The Japanese Enter the Video Race
Sony Starts Running
Sony's founder, Masaru Ibuka, began work after WWII by setting up the Tokyo Tsushin Kenkyujyo company (later Sony) in 1946. Along with Akio Morita, Ibuka created Japans first tape recorder called the G-Model in January 1950. The G-Model was able to financially secure Sonys future through government purchases used mostly to replace courtroom stenographers and for police. (Lardner p.44) However it would be Sonys helitical scanning VTR technique that would revolutionize video technology.
In July 1960, Long visited Ibuka and Morita in Japan where the negotiations in information sharing began. Sony was highly invested in the new technology of transistors that had come to replace vacuum tubes, while Ampexs engineers still relied on the tubes. Sony agreed to produce transistor circuits for Ampexs VTRs in exchange for Sonys right to produce VTRs to non-broadcast customers. (Lardner p.63) Sony, therefore, was able to copy Ampexs existing technology under their own name; they received the rights to future developments through transistor technology.
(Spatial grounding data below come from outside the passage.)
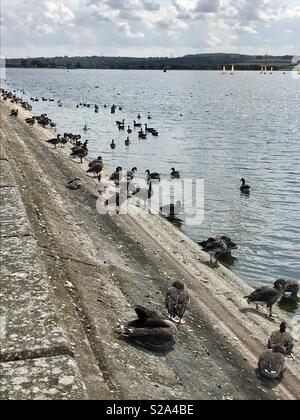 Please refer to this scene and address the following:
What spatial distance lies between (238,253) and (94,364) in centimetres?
1574

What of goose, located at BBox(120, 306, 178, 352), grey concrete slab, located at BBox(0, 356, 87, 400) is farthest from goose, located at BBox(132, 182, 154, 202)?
grey concrete slab, located at BBox(0, 356, 87, 400)

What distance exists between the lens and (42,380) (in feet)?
19.5

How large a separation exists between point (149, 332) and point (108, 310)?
128 cm

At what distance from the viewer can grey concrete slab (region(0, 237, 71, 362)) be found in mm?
6559

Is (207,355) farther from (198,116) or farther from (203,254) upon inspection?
(198,116)

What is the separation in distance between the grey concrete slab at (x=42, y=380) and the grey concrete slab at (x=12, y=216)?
4335 mm

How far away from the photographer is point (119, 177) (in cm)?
3322

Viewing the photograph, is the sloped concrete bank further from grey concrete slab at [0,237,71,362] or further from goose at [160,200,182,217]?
goose at [160,200,182,217]

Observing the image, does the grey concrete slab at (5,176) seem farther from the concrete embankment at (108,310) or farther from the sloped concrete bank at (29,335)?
the sloped concrete bank at (29,335)

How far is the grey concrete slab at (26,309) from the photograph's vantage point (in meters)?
6.56

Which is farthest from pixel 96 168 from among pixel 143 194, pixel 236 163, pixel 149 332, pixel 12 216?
pixel 149 332

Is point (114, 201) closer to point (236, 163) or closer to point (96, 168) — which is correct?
point (96, 168)

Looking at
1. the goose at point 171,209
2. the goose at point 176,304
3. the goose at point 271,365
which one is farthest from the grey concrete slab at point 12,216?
the goose at point 171,209

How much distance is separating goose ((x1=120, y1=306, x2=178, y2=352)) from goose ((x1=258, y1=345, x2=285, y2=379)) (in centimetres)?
210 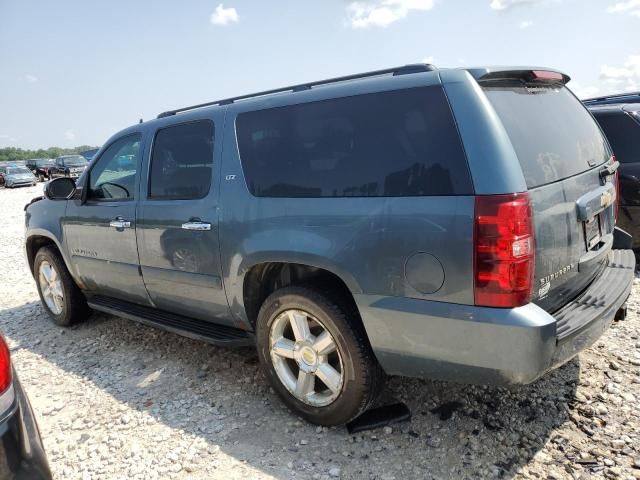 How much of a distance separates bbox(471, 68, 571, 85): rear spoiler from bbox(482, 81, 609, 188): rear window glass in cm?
3

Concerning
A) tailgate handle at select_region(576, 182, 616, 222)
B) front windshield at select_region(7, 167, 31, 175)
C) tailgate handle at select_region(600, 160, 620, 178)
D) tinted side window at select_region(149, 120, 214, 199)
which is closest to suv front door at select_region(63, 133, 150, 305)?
tinted side window at select_region(149, 120, 214, 199)

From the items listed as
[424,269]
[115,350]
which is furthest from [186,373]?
[424,269]

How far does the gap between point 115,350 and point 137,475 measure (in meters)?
1.88

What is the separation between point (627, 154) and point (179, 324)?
4.84 m

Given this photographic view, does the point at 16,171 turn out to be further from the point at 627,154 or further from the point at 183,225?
the point at 627,154

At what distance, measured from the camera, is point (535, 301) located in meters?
2.25

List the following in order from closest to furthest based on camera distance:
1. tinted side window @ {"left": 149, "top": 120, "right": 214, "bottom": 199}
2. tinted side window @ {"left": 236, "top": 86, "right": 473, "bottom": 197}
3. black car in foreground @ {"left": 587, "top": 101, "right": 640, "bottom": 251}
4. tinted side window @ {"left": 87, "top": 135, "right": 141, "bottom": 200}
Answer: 1. tinted side window @ {"left": 236, "top": 86, "right": 473, "bottom": 197}
2. tinted side window @ {"left": 149, "top": 120, "right": 214, "bottom": 199}
3. tinted side window @ {"left": 87, "top": 135, "right": 141, "bottom": 200}
4. black car in foreground @ {"left": 587, "top": 101, "right": 640, "bottom": 251}

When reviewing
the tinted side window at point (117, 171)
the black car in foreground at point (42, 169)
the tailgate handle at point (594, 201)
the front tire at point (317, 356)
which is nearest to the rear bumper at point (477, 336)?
the front tire at point (317, 356)

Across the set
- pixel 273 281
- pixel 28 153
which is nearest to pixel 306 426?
pixel 273 281

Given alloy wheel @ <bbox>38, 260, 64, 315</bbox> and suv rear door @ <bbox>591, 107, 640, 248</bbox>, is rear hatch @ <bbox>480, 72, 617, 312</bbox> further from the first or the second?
alloy wheel @ <bbox>38, 260, 64, 315</bbox>

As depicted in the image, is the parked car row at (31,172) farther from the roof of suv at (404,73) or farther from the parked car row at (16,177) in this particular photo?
the roof of suv at (404,73)

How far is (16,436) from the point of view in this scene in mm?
1746

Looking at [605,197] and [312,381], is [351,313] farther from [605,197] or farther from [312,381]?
[605,197]

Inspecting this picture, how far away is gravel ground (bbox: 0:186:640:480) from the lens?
253 centimetres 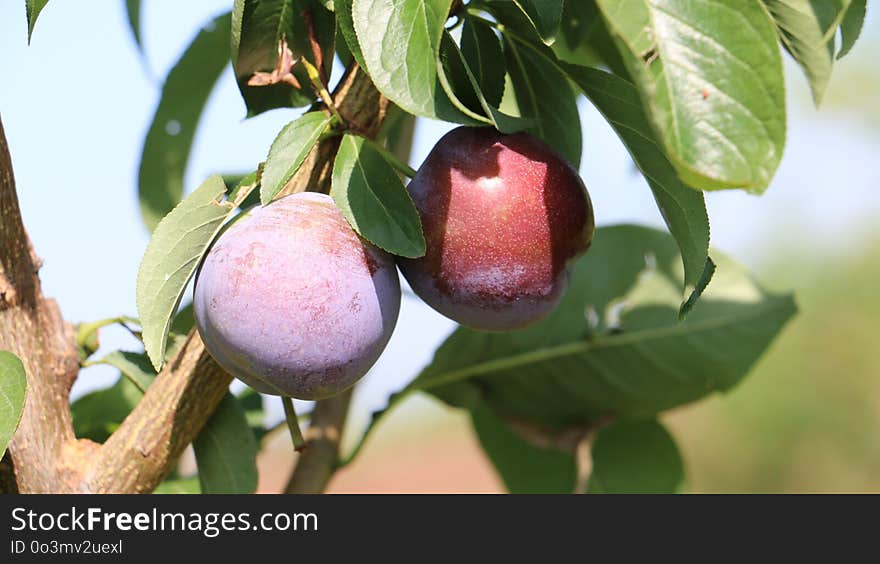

By 1961, Sony released the SV-201 VTR that used the helical scanning technique and transistors, but the market was limited to mostly educational uses, but Sony envisioned a future home market for the VTR. Ampex on the other hand decided to expand on the broadcasting market through its invention of the EDITEC.
The instant electronic editing would become a major factor in commercial television when in 1967; Ampex released its VR-3000. The VR-3000 was a portable color VTR that used the editing capabilities of the EDITEC to manipulate the image. Specifically, this revolutionized the commercial sports industry by allowing slow motion and instant replay. The first use of this technology came in 1967 when ABC taped the World Series of Skiing in Colorado and slowed down the images so viewers could follow the action. (Kunin p.3) This technology was useful to the broadcasting world, but Ampexs failure came through its lack of development in the home market.